Personal logo miniMo Supporting Member of TMP24 Nov 2018 9:01 a.m. PST

Oooooh!

Tango0124 Nov 2018 11:22 a.m. PST

(smile)

Amicalement
Armand

Lion in the Stars24 Nov 2018 6:59 p.m. PST

Yeah, the Regulus cruise missiles were the size of fighters at the time. 32ft long, 21ft wingspan, 14,000lbs for the subsonic Regulus 1; 57ft long, 20ft wingspan, 23,000lbs for the supersonic Regulus 2.

The downside of those ideas was that the the submarine was stuck on the surface for 15-30 minutes readying the missiles (or planes) for launch.


In the early 2000s, when the Trident SSGNs were still in the planning stages, Lockheed proposed a drone that could be launched while the sub stayed underwater, the Cormorant link .

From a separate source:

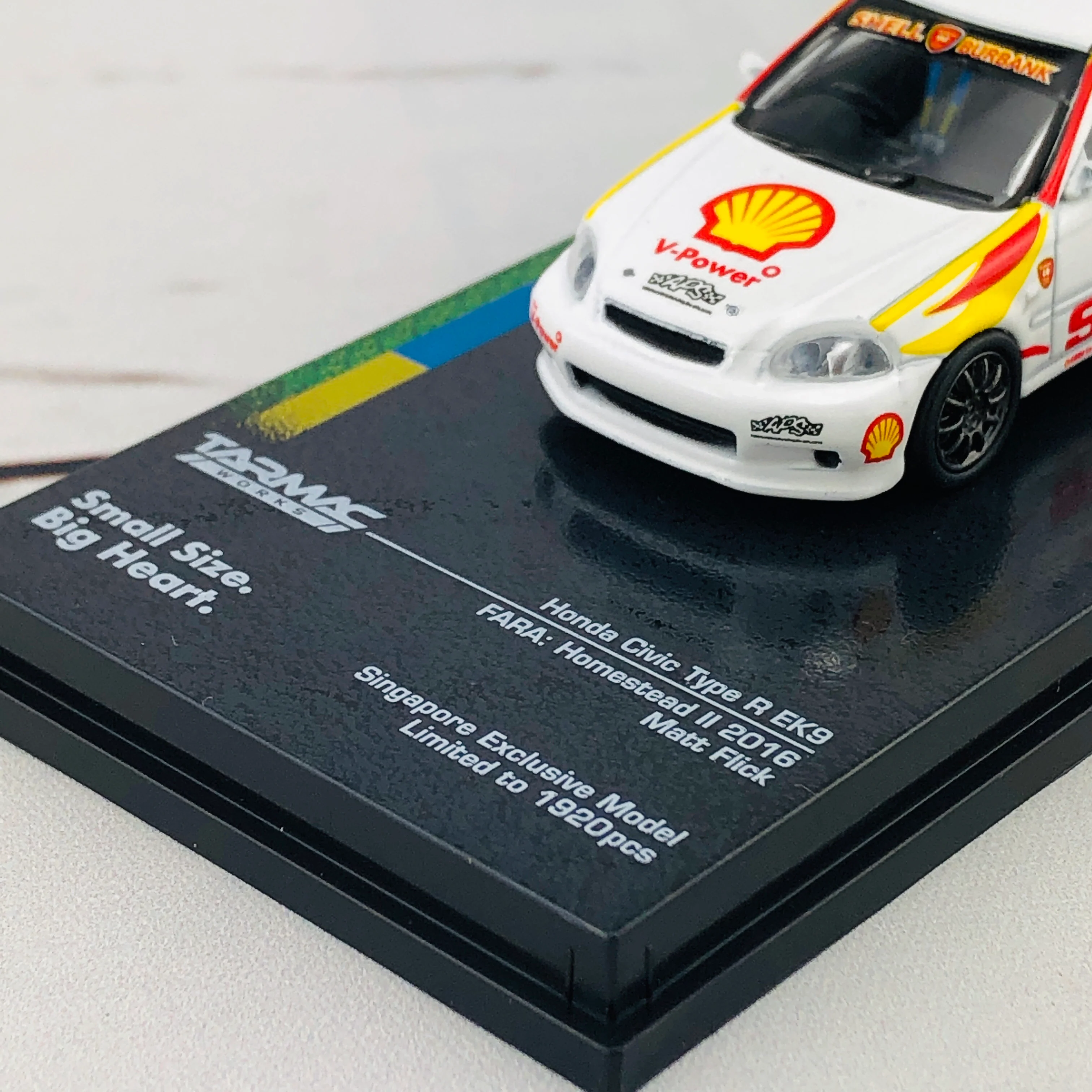 Tarmac Works 1/64 Honda Civic Type R EK9 FARA : Homestead II 2016 "SHELL" Singapore Exclusive Model - Image 4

The LockMart Cormorant would float up to the surface and then fire a couple detachable rockets to get into the air. Then it would open up intakes and exhaust for a jet engine. It had the typical drone sensors (FLIR) and carried some weapons internally. After the mission, it would fly back out to sea, shut down the engine, and whip-stall to drop into the water. Then divers would fold the wings back up and attach the drone to the recovery rails in the missile tube.

Proposed loadout was 4x Cormorants, 4x tubes each with 3x navalized ATACMS (12x missiles), and about 14 tubes each with 7x Tomahawk missiles (98x missiles). Trident SSGNs have 20 or 22 tubes available for missiles (and drones), depending on what SEAL support gear they are carrying.

One junior officer proposed installing the 155mm Vertical Gun for Arsenal Ships (VGAS) into a couple tubes, as well. While the VGAS would require broaching the ship, the individual shells would be relatively cheap and quicker response than Tomahawks or the Cormorants. The downside of the VGAS, the long minimum range, isn't an issue for a sub. A sub could broach (be on the surface without blowing the ballast tanks), flop a couple hatches open, fire off a volley of 155mm shells, then purge the gun bore with nitrogen, shut hatches, and get off the surface in about 3 minutes. While it wasn't specified, there would probably be 2x or 4x VGAS tubes, replacing Tomahawk missiles.

That mix would be quite powerful. Shame that budget cuts killed the Cormorant program in 2008.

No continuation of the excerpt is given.